▶ Task prompt
When you reach the listing below, copy each line exactly.

▶ Given information
-------

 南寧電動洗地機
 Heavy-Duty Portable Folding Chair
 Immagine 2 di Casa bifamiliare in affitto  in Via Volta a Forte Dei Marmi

-------

▶ Result of this exercise
 南寧電動洗地機
 Heavy-Duty Portable Folding Chair
 Immagine 2 di Casa bifamiliare in affitto  in Via Volta a Forte Dei Marmi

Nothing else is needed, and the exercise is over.